Instructions for the task: Type out the whole listing again exactly, pictures omitted.

Provided material:
<<<<

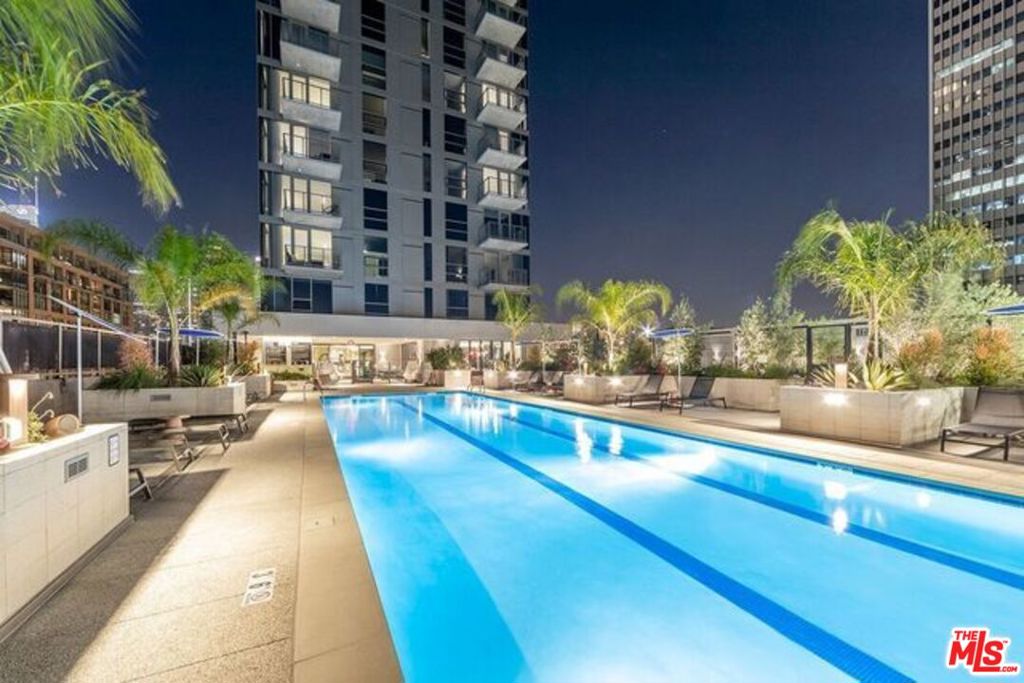 1120 S GRAND Avenue PH2, Los Angeles, CA 90015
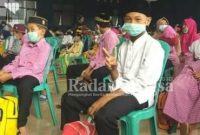 Anak Yatim sedang antri akan menerima santunan dari PT.ACA Malang yang setiap Jelang Idhul Fitri selalu rutin memberikan pada anak yatim di wilayah Malang [ist]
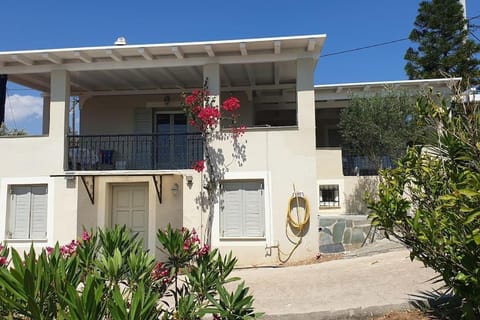 Property building, View (from property/room), Balcony/Terrace, Garden view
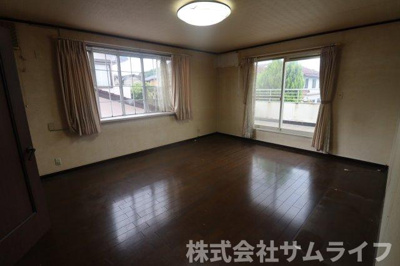 【居間・リビング】 | 忠隈4LDK戸建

>>>>

Written response:
 1120 S GRAND Avenue PH2, Los Angeles, CA 90015
 Anak Yatim sedang antri akan menerima santunan dari PT.ACA Malang yang setiap Jelang Idhul Fitri selalu rutin memberikan pada anak yatim di wilayah Malang [ist]
 Property building, View (from property/room), Balcony/Terrace, Garden view
 【居間・リビング】 | 忠隈4LDK戸建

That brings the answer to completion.